Artificial Intelligence 3 MIN Read

Four Ways to Use AI Chat Models in Unclassified, Open Source Analysis

May 8th, 2024


Learn more about GDIT’s use of AI, including via our Luna Accelerator.

Like nearly every other industry or sector, the Intelligence Community is exploring the use of artificial intelligence in new and myriad ways. Today, chat bots and chat-based Generative AI tools have proven to be effective ways to leverage this new technology, but its application in the mission space has yet to be operationalized.

A cyber team at GDIT has been working on how to use automation, orchestration, and evolving tools like Generative AI, to maximize the efficiency and effectiveness of cyber defense monitoring. Specifically, we looked at how to use large language models to develop AI chat models and tools for use in unclassified, open source analysis. Recently, at the Department of Defense Intelligence Information Systems (DoDIIS) worldwide conference, we demonstrated four ways to use these tools to advance the mission.

Requirements Analysis and Validation

One use case where the application of large language models (LLM) and generative AI proved incredibly valuable was in IT/Cyber requirements analysis. Our team performed open source research on cyber capabilities, using LLM, in support of Security Operation Center (SOC) modernization. We developed a new streamlined AI process for completing requirements analysis with a 70% reduction in time and effort, as compared to traditional methods. This involved creating standardized LLM prompts, documented in a procedure, to logically create functional user requirements as Agile user-stories, along with completed Lean Architecture Framework Solution Vision statements, that outline end-state capabilities. We completed ten sets of capability requirements, updated to include Zero Trust, AI, Machine Learning, and Behavioral based detection methods to help modernize services across the program.

Strategic Planning

Another LLM use case is strategic planning. With our requirements work completed, we found that this technology could develop strategies and plans to help manage organizational changes driven by Zero Trust, AI, and other emerging technologies. The LLM validated our thoughts on merging two analysis teams to create potential benefits in labor savings and efficiency. It also helped identify challenges to SOC monitoring from Zero Trust that was helpful in our planning. Overall, this showed major benefit to strategic planning and assessment work within cybersecurity.

Cyber Threat and Risk Analysis

We also identified cyber threat and risk analysis as another area ripe with potential for generative AI and chat. Our cyber threat intelligence (CTI) team regularly review threats, actors, tactics and incidents to build trend reports. Generative AI is helpful in developing these reports, as well as providing correlations that humans may otherwise miss. In one instance the LLM identified a behavior of a threat actor that our team had never seen, primarily because it involved looking at a data point that is not common to associate with threat activity. Overall, for CTI, the LLM proved that it can help augment CTI staff and improve analysis and reporting.

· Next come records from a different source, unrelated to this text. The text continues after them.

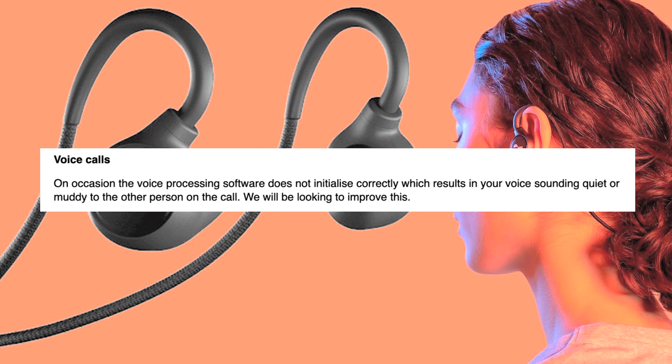Voice calls — people had mentioned there are some issues with calls sounding robotic or unclear. I haven't had those issues. The only times I've had it, from my last review, was when using Microsoft Teams — not every single time, but that's the only time someone complained about how it sounded. Using phone calls, Discord, and Skype all seemed to be fine. Apparently other people are having issues with voice calls so they're looking to improve that.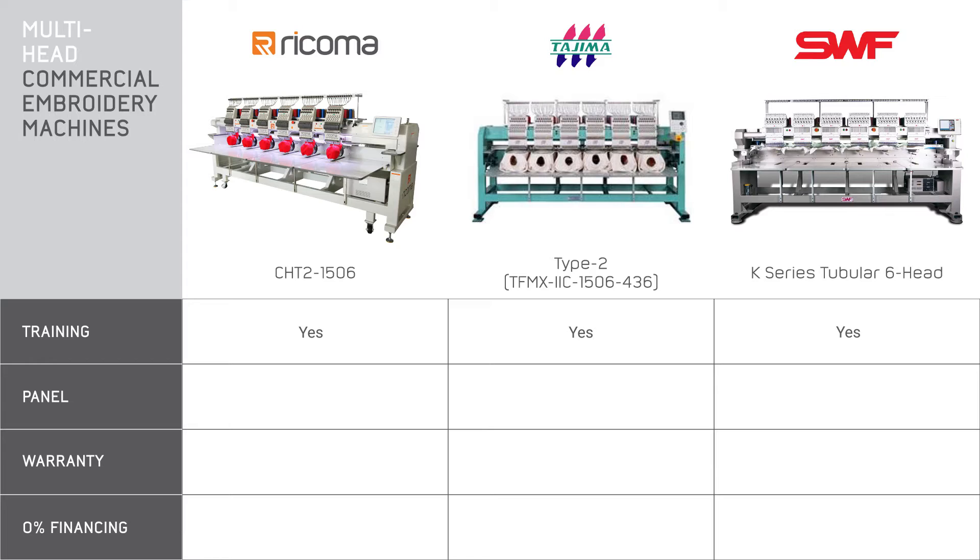Next, let's talk about training. All of these companies provide training, though whether or not it's included in the price depends on the company. Ricoma will send a rep out to your location at no additional cost with the purchase of a multi-head machine, and according to SWF's site, it also includes training with these multi-heads.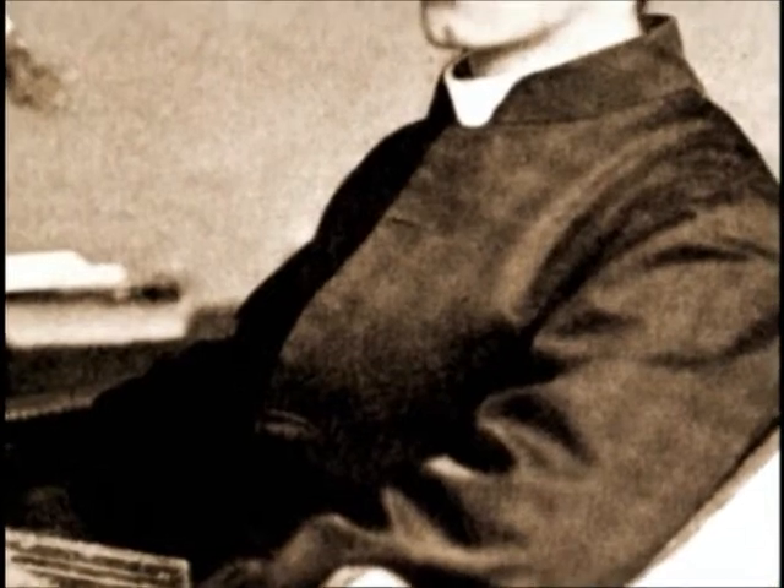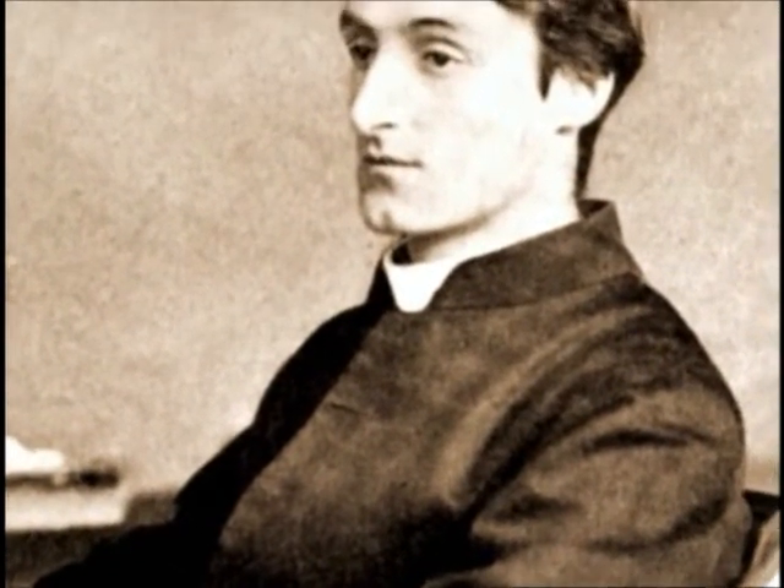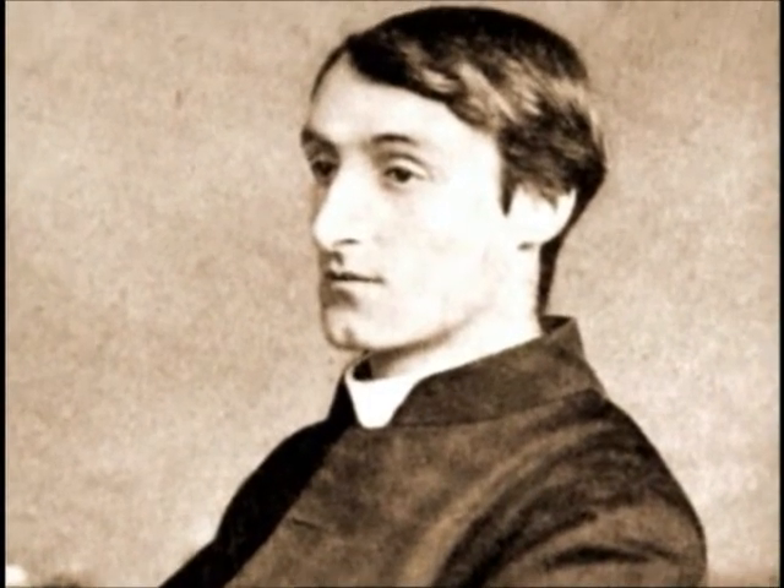This is from Pied Beauty: 'All things counter, original, spare, strange, whatever is fickle, freckled, who knows how. With swift, slow, sweet, sour, adazzle, dim. He fathers forth whose beauty is past change — praise him.'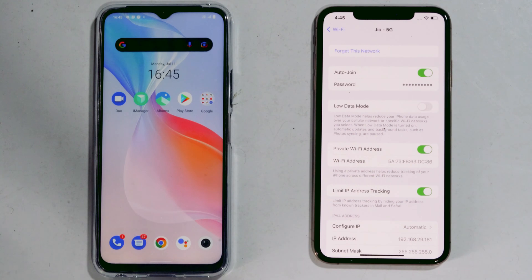As you can see, we now have the ability to see the password right here. Simply click on it to reveal the password — and as you can see, the password has been revealed.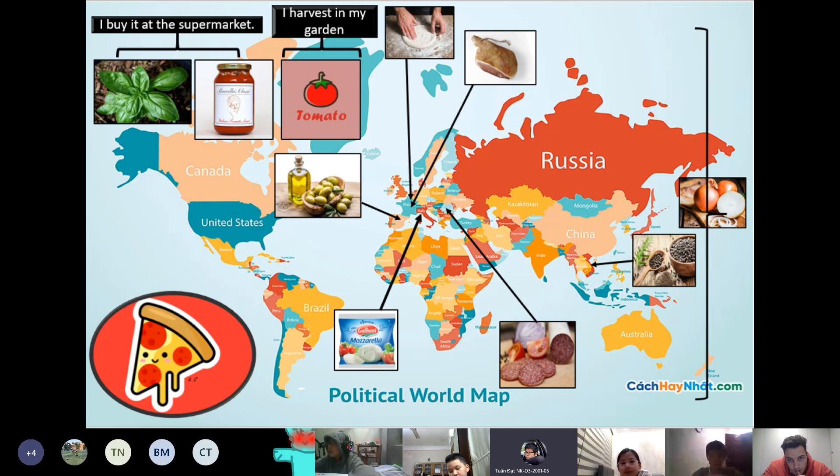First is dough. Dough is a type of bread made from flour. To make pizza, we need to make the dough round and flat.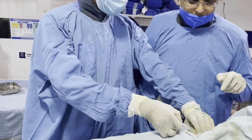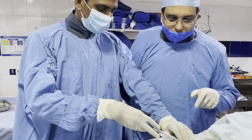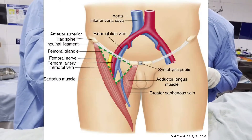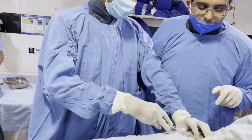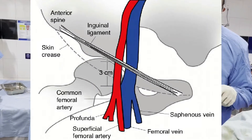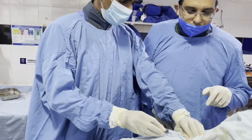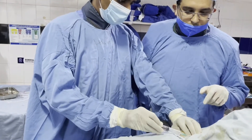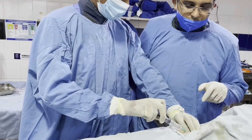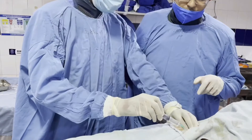After cleaning and draping the lateral femoral area and locating the femoral artery by palpating the anterior superior iliac spine and pubic symphysis — 3 cm below or 2 finger-breadths below the inguinal ligament — we infiltrate the area with local anesthetic. What we are seeing right now is the local infiltration of the already prepared, sterilized area over the femoral triangle.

Signature Creation and Intrusion Detection

Finally, we saw real potential benefit in creation of intrusion signatures. We leveraged LLM along with specific threat indicators, to draft intrusion signatures that are used to detect the associated activity. This proved valuable in cutting down the initial research time used to draft and test initial signatures, while also giving us a capability we could use to train new staff to the defensive countermeasures team on the SOC. Intrusion signature development can be a time-consuming process of trial and error, tuning and deployment. Leveraging LLM we were able to reduce the barrier of entry while also reducing the labor required to complete draft signatures for testing.

We know this is just the tip of the proverbial iceberg when it comes to operationalizing chat and generative AI to advance intelligence missions. But it’s critically important. There are more than 1.3 million cyber job vacancies in the U.S., at this moment. Our industry is one in which ethically operationalizing AI can help to close that gap, improve national security, and make cyber careers even more dynamic and essential than they already are. That’s key, and imagining the art of the possible, which is what we do every day at GDIT, is how we make it happen.